PAULO ANDRE: Nós colocamos as pessoas em contato, quanto mais gente compartilhar, melhor. Eu digo que é muito melhor trabalhar no Coletivo, porque, quando as empresas entram, já ganharam, agregaram contatos, alguma parceria...
EMPRESÁRIO DIGITAL: A expectativa de vocês é de trabalhar sempre nessa linha, juntando arte, tecnologia, experiência?
PAULO ANDRE: Eu acredito que, a médio prazo, nós vamos conseguir inserir nesses eventos uma parte maior de negócios. A gente já está fazendo um estudo muito grande para entender o mercado português e entender os indicadores econômicos de quais áreas são mais fortes.
Por exemplo, a área de alimentos é um setor forte, então possivelmente nós vamos criar eventos dentro desse segmento. Os eventos iniciais são mesmo de arte, design, tecnologia. Mas nós vamos fazer a diferença no mercado.
EMPRESÁRIO DIGITAL: Para você, especificamente, Adriana, como está sendo esse desafio, essa proposta de empreender num outro país, num outro continente?
ADRIANA: Na verdade, o Oceano Atlântico ficou pequeno. Não percebo mais essa distância. Há muitos anos, de 10 a 15 anos, que eu falo de economia colaborativa, de economia criativa, e em São Paulo parece que eu estou pregando no deserto. Cheguei a pensar que eu era só uma sonhadora, que isso não era possível.

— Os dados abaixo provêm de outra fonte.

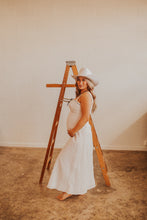 Load image into Gallery viewer, The Reyna Dress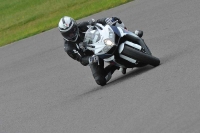 Motorcycle-action-photographs;anglesey-circuit;anglesey-trackday-photographs;event-digital-images;eventdigitalimages;no-limits-trackday;oulton-park-circuit-cheshire;peter-wileman-photography;trackday;trackday-digital-images;trackday-photos;ty-croes-circuit-wales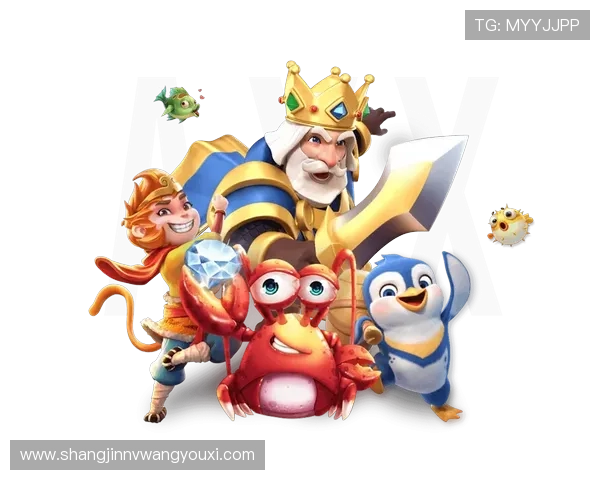 访问PG娱乐网址官方网站了解最新优惠活动和丰富的游戏种类选择指南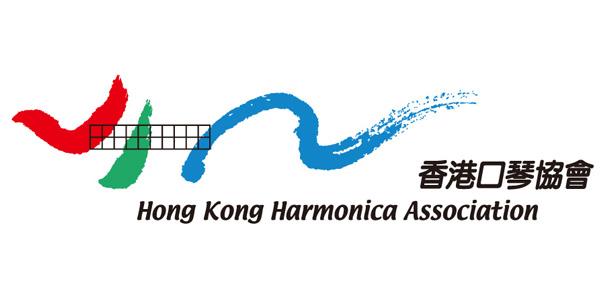 When LEVY Meets the HK Harmonicists
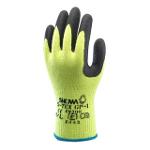 gants de travail anti coupures S-Tex GP1 GRIP showa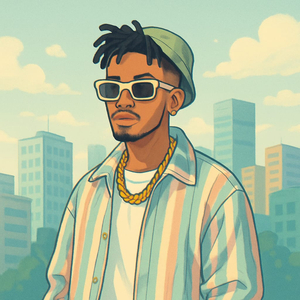 El Bosque De Los Susurros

Mas eu sempre tive certeza de que esse era o caminho do futuro, mesmo quando ninguém falava disso. Talvez o brasileiro ainda não esteja totalmente preparado.
Quando eu comecei a falar de montar um negócio com o Paulo, eu perguntei “o que é propósito para você?”.
Porque eu sempre falo muito isso, que o que une como sócio, amigo, parente ou qualquer pessoa em torno de um projeto é o propósito. Se não tem o mesmo propósito, não adianta ter o dinheiro, não adianta ter a boa ideia. Aí nós chegamos a uma conclusão, que o que nos movia era construir um grande legado, era impactar positivamente o maior número possível de pessoas. Aí ficou fácil. Porque na hora que você sabe o que você quer, você já enxerga onde você quer estar, como você quer estar e com quem você quer estar. E aí o tamanho da distância não interfere.